In Lechmere, Justice Thomas went on to explain physical isolation such as an Alaska mining camp would be necessary before it could be “reasonable” to allow union organizers to engage in “trespassory” access. Justice Thomas made “The union's burden of establishing such isolation is, as we have explained, ‘a heavy one,’ and one not satisfied by mere conjecture or the expression of doubts concerning the effectiveness of nontrespassory means of communication.” Thomas suggested advertising, mailings, phone calls, home visits and as in this case with the grassy strip, signs, would all be effective, he claimed, although without mention of example experience with organizing a union. If nothing else the Thomas opinion makes a petty excuse to obstruct and delay union organizing that bluntly contradicts America’s national labor law that recall includes a written policy explicitly encouraging labor unions.

Unless the physical isolation of the Cedar Point and Fowler operation resembles an Alaska mining camp, then the present Supreme Court should have no difficulty removing the organizers from Cedar Point property and ending the case. Instead, the Supreme Court agreed to a petition for a writ of certiorari by accepting for review that access regulations can be, and should be, converted to taking real property.

I count 31 amicus briefs filed by identified corporate interests like the Chamber of Commerce of the United States, and policy institutes and associations like the Cato Institute funded by unidentified corporate interests. The 31 total includes amicus briefs from labor unions like United Food and Commercial Workers, and the AFL-CIO, along with non-profits and government agencies generally concerned about challenges to essential access to carry out legal mandates.

All the briefs take a super serious tone. The objectors need to be serious so as not to offend pretentious justices who demand to be taken seriously.

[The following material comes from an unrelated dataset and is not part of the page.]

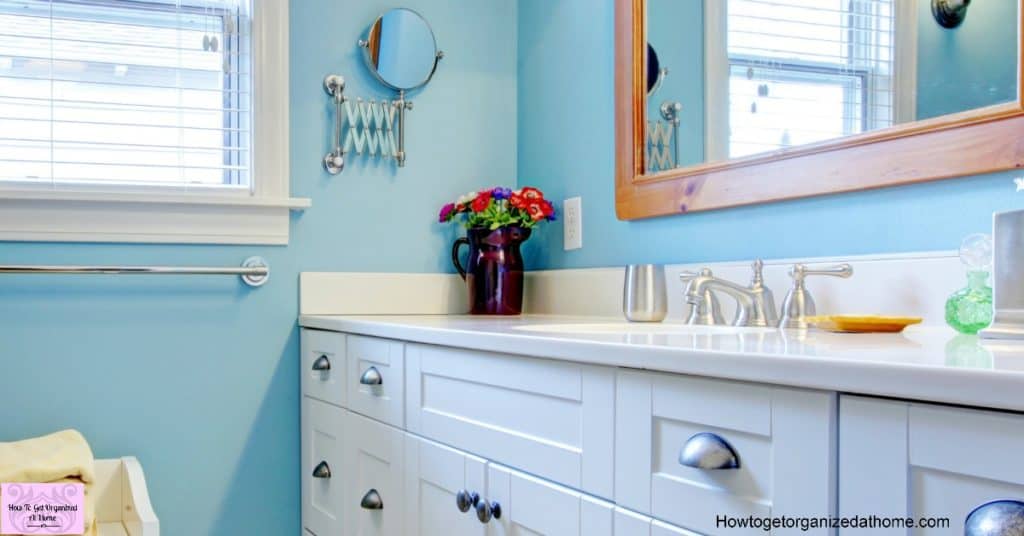 Tips for what you should leave out of the bathroom when it comes to organizing this space!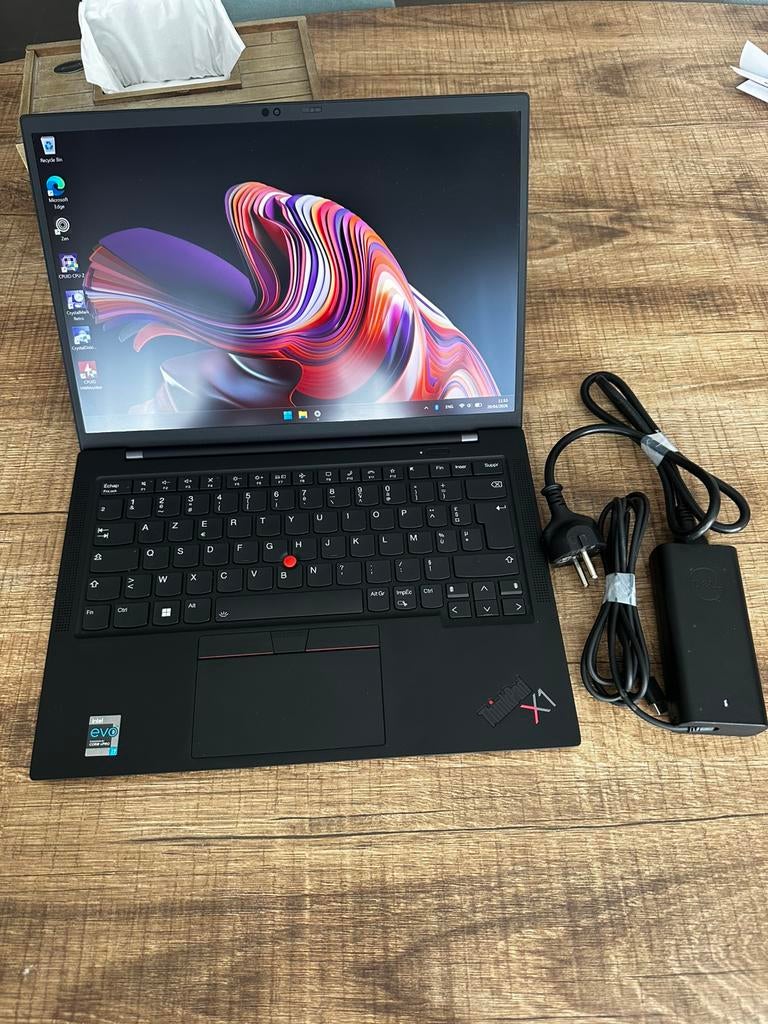 Lenovo Thinkpad X1 Carbon Gen 9, Computers en Software, Windows Laptops, Zo goed als nieuw, 14 inch, SSD, 3 tot 4 Ghz, 32 GB, Azerty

In contrast the argument of petitioners, and the amicus briefs, that two designated people coming onto farm property at limited and designated times during a strawberry harvest solely as union organizers should be an unconstitutional taking of real property without compensation, is idiotic and preposterous on its face. As an outside objector I do not have to observe a false decorum.

Petitioners case distorts the English language and makes a mockery of the law and the Constitution. At least four justices voted to accept the case, which vote opens them to charges they would rather make law as legislators than settle a case between two parties as they are supposed to do. The Justices have debased and diminished themselves, the courts and the constitution by accepting this case, a Scam and a Sham.